Depuis le XVIIe, on n’a pas arrêté de se poser des questions sur l’environnement, sur le climat, sur l’épuisement des sols, sur le statut des animaux, etc. Dans une cosmologie soi-disant moderne, les juristes ont aussi su faire preuve de beaucoup de créativité. Par exemple au XIXe, en Angleterre, pour faire payer les compagnies de chemin de fer en cas d’accident, ils ressortent un outil du droit médiéval, le deodand, qui permet de déclarer des objets coupables ! Bref, si Latour a parfaitement raison de dire que « Nous n’avons jamais été modernes », il faut ajouter soit qu’on l’a toujours su, soit que toute cette affaire de modernité est un « homme de paille » philosophique. (…)

Par exemple, inscrire dans la constitution des grands principes sans considérer les modes de production et de vie, c’est être sûr que le capitalisme avalera tout cru les droits de la nature.
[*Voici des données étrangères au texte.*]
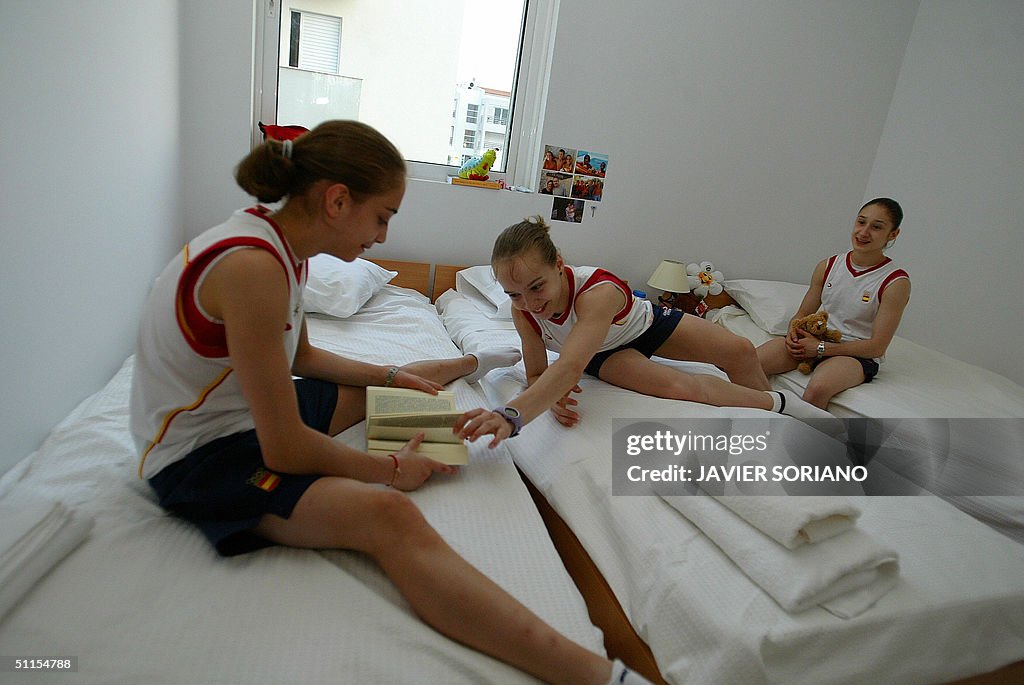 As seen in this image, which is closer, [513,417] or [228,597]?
[228,597]

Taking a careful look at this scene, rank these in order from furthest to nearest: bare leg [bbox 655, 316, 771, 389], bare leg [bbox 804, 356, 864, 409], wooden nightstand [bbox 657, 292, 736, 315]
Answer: wooden nightstand [bbox 657, 292, 736, 315] < bare leg [bbox 804, 356, 864, 409] < bare leg [bbox 655, 316, 771, 389]

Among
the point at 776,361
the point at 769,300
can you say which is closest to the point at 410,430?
the point at 776,361

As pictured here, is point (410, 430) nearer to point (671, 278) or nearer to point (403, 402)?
point (403, 402)

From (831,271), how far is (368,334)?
1942 mm

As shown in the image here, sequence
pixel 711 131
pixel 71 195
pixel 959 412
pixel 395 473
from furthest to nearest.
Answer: pixel 711 131
pixel 959 412
pixel 71 195
pixel 395 473

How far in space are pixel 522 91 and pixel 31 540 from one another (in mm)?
2602

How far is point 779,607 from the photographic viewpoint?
93 centimetres

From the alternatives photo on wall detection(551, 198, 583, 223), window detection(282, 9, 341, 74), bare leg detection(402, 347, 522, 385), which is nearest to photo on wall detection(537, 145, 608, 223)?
photo on wall detection(551, 198, 583, 223)

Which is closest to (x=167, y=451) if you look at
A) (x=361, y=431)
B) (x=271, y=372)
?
(x=271, y=372)

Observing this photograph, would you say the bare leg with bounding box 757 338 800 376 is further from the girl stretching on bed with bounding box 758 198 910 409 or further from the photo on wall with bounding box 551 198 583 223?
the photo on wall with bounding box 551 198 583 223

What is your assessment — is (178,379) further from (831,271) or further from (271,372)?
(831,271)

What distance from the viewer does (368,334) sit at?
2029 mm

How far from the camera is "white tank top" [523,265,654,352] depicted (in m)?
1.65

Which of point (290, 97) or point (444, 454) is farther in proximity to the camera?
point (290, 97)
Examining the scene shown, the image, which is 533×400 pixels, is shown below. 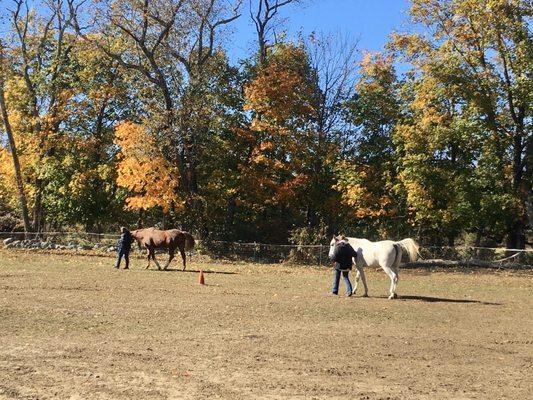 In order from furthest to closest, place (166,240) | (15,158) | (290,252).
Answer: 1. (15,158)
2. (290,252)
3. (166,240)

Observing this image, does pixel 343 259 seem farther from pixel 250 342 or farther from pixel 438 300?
pixel 250 342

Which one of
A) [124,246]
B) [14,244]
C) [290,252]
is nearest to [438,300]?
[124,246]

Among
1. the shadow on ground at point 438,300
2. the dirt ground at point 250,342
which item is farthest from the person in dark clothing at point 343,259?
the shadow on ground at point 438,300

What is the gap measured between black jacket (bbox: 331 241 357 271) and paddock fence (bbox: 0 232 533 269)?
12784 mm

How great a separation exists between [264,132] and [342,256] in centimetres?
1733

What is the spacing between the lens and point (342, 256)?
15.2m

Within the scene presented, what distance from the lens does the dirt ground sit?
6637mm

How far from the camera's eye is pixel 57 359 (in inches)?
294

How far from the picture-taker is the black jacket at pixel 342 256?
15164 millimetres

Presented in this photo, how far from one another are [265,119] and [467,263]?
1337 centimetres

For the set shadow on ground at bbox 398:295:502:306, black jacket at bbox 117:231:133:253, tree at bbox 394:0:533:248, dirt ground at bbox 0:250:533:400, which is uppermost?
tree at bbox 394:0:533:248

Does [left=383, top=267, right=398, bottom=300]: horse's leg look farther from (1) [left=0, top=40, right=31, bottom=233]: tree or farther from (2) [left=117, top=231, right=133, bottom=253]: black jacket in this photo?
(1) [left=0, top=40, right=31, bottom=233]: tree

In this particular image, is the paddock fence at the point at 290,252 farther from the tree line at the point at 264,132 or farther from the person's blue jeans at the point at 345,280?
the person's blue jeans at the point at 345,280

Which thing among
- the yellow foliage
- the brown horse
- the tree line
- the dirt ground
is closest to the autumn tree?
the tree line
Je suis désolé si ça semble intellectuellement peu enthousiasmant comparé aux grandes refondations cosmologiques proposées par les philosophes, mais étant donné l’urgence des enjeux, le fait qu’il faille agir partout et maintenant, la crise environnementale contemporaine oblige à agir dans le monde politique et géopolitique tel qu’il existe actuellement. 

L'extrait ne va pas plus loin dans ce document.